■ Web page caption snippets ■
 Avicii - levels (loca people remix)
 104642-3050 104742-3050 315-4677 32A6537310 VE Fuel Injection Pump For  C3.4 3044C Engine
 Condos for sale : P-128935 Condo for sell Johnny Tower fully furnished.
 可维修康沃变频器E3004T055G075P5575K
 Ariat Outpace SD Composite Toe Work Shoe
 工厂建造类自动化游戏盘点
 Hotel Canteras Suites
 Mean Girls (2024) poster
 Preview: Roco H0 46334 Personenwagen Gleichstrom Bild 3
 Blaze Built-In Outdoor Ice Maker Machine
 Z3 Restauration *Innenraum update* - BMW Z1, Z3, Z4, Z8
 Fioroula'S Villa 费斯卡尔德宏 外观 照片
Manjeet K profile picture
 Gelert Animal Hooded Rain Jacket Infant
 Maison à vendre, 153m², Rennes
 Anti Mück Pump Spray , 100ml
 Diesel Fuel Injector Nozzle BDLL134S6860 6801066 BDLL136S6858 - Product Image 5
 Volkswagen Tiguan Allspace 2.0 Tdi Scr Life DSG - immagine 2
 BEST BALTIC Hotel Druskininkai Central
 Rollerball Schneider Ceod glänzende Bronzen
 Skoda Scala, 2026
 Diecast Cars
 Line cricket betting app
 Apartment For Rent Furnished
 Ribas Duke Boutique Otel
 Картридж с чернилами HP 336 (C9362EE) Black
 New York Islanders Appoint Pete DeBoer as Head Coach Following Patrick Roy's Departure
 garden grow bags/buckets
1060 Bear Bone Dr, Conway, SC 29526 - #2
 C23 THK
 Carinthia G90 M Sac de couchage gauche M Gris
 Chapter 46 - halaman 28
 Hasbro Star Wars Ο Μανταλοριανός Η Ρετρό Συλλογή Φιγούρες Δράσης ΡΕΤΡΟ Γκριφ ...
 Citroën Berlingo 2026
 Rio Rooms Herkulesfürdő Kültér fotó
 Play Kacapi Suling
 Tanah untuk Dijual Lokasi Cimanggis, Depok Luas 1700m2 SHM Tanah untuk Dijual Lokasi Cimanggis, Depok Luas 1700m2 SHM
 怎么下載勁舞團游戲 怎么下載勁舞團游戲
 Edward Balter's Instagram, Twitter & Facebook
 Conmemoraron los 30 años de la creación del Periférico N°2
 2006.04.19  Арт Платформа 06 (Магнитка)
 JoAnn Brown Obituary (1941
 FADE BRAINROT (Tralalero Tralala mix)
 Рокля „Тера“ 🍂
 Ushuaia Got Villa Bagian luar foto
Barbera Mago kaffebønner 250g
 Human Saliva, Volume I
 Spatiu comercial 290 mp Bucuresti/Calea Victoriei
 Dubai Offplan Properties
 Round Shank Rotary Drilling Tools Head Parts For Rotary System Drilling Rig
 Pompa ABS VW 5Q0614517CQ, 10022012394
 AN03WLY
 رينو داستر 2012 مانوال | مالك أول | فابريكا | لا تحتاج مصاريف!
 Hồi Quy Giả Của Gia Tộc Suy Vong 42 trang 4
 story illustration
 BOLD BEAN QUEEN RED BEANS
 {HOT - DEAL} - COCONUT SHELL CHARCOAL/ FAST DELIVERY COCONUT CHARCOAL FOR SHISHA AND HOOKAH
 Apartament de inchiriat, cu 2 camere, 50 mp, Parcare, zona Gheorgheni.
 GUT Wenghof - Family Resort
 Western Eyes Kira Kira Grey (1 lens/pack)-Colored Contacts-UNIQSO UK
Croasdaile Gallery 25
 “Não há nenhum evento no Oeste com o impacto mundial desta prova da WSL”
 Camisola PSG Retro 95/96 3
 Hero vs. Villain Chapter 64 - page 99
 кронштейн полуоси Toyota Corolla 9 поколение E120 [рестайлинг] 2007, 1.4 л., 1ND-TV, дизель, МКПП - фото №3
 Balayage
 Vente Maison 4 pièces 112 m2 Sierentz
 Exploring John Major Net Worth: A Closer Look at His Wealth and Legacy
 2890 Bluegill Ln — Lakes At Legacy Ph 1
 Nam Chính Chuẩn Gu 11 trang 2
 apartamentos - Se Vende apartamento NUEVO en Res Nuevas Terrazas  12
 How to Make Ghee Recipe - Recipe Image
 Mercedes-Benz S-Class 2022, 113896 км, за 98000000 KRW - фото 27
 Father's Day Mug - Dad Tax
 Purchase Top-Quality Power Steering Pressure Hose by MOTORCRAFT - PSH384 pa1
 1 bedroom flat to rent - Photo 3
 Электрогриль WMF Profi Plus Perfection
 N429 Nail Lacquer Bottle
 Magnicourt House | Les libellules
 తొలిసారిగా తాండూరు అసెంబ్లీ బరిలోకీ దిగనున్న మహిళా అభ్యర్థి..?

■ ASSIGNMENT ■
Give the entries again exactly, every one.

■ ANSWER TO THE EXERCISE ■
 Avicii - levels (loca people remix)
 104642-3050 104742-3050 315-4677 32A6537310 VE Fuel Injection Pump For  C3.4 3044C Engine
 Condos for sale : P-128935 Condo for sell Johnny Tower fully furnished.
 可维修康沃变频器E3004T055G075P5575K
 Ariat Outpace SD Composite Toe Work Shoe
 工厂建造类自动化游戏盘点
 Hotel Canteras Suites
 Mean Girls (2024) poster
 Preview: Roco H0 46334 Personenwagen Gleichstrom Bild 3
 Blaze Built-In Outdoor Ice Maker Machine
 Z3 Restauration *Innenraum update* - BMW Z1, Z3, Z4, Z8
 Fioroula'S Villa 费斯卡尔德宏 外观 照片
Manjeet K profile picture
 Gelert Animal Hooded Rain Jacket Infant
 Maison à vendre, 153m², Rennes
 Anti Mück Pump Spray , 100ml
 Diesel Fuel Injector Nozzle BDLL134S6860 6801066 BDLL136S6858 - Product Image 5
 Volkswagen Tiguan Allspace 2.0 Tdi Scr Life DSG - immagine 2
 BEST BALTIC Hotel Druskininkai Central
 Rollerball Schneider Ceod glänzende Bronzen
 Skoda Scala, 2026
 Diecast Cars
 Line cricket betting app
 Apartment For Rent Furnished
 Ribas Duke Boutique Otel
 Картридж с чернилами HP 336 (C9362EE) Black
 New York Islanders Appoint Pete DeBoer as Head Coach Following Patrick Roy's Departure
 garden grow bags/buckets
1060 Bear Bone Dr, Conway, SC 29526 - #2
 C23 THK
 Carinthia G90 M Sac de couchage gauche M Gris
 Chapter 46 - halaman 28
 Hasbro Star Wars Ο Μανταλοριανός Η Ρετρό Συλλογή Φιγούρες Δράσης ΡΕΤΡΟ Γκριφ ...
 Citroën Berlingo 2026
 Rio Rooms Herkulesfürdő Kültér fotó
 Play Kacapi Suling
 Tanah untuk Dijual Lokasi Cimanggis, Depok Luas 1700m2 SHM Tanah untuk Dijual Lokasi Cimanggis, Depok Luas 1700m2 SHM
 怎么下載勁舞團游戲 怎么下載勁舞團游戲
 Edward Balter's Instagram, Twitter & Facebook
 Conmemoraron los 30 años de la creación del Periférico N°2
 2006.04.19  Арт Платформа 06 (Магнитка)
 JoAnn Brown Obituary (1941
 FADE BRAINROT (Tralalero Tralala mix)
 Рокля „Тера“ 🍂
 Ushuaia Got Villa Bagian luar foto
Barbera Mago kaffebønner 250g
 Human Saliva, Volume I
 Spatiu comercial 290 mp Bucuresti/Calea Victoriei
 Dubai Offplan Properties
 Round Shank Rotary Drilling Tools Head Parts For Rotary System Drilling Rig
 Pompa ABS VW 5Q0614517CQ, 10022012394
 AN03WLY
 رينو داستر 2012 مانوال | مالك أول | فابريكا | لا تحتاج مصاريف!
 Hồi Quy Giả Của Gia Tộc Suy Vong 42 trang 4
 story illustration
 BOLD BEAN QUEEN RED BEANS
 {HOT - DEAL} - COCONUT SHELL CHARCOAL/ FAST DELIVERY COCONUT CHARCOAL FOR SHISHA AND HOOKAH
 Apartament de inchiriat, cu 2 camere, 50 mp, Parcare, zona Gheorgheni.
 GUT Wenghof - Family Resort
 Western Eyes Kira Kira Grey (1 lens/pack)-Colored Contacts-UNIQSO UK
Croasdaile Gallery 25
 “Não há nenhum evento no Oeste com o impacto mundial desta prova da WSL”
 Camisola PSG Retro 95/96 3
 Hero vs. Villain Chapter 64 - page 99
 кронштейн полуоси Toyota Corolla 9 поколение E120 [рестайлинг] 2007, 1.4 л., 1ND-TV, дизель, МКПП - фото №3
 Balayage
 Vente Maison 4 pièces 112 m2 Sierentz
 Exploring John Major Net Worth: A Closer Look at His Wealth and Legacy
 2890 Bluegill Ln — Lakes At Legacy Ph 1
 Nam Chính Chuẩn Gu 11 trang 2
 apartamentos - Se Vende apartamento NUEVO en Res Nuevas Terrazas  12
 How to Make Ghee Recipe - Recipe Image
 Mercedes-Benz S-Class 2022, 113896 км, за 98000000 KRW - фото 27
 Father's Day Mug - Dad Tax
 Purchase Top-Quality Power Steering Pressure Hose by MOTORCRAFT - PSH384 pa1
 1 bedroom flat to rent - Photo 3
 Электрогриль WMF Profi Plus Perfection
 N429 Nail Lacquer Bottle
 Magnicourt House | Les libellules
 తొలిసారిగా తాండూరు అసెంబ్లీ బరిలోకీ దిగనున్న మహిళా అభ్యర్థి..?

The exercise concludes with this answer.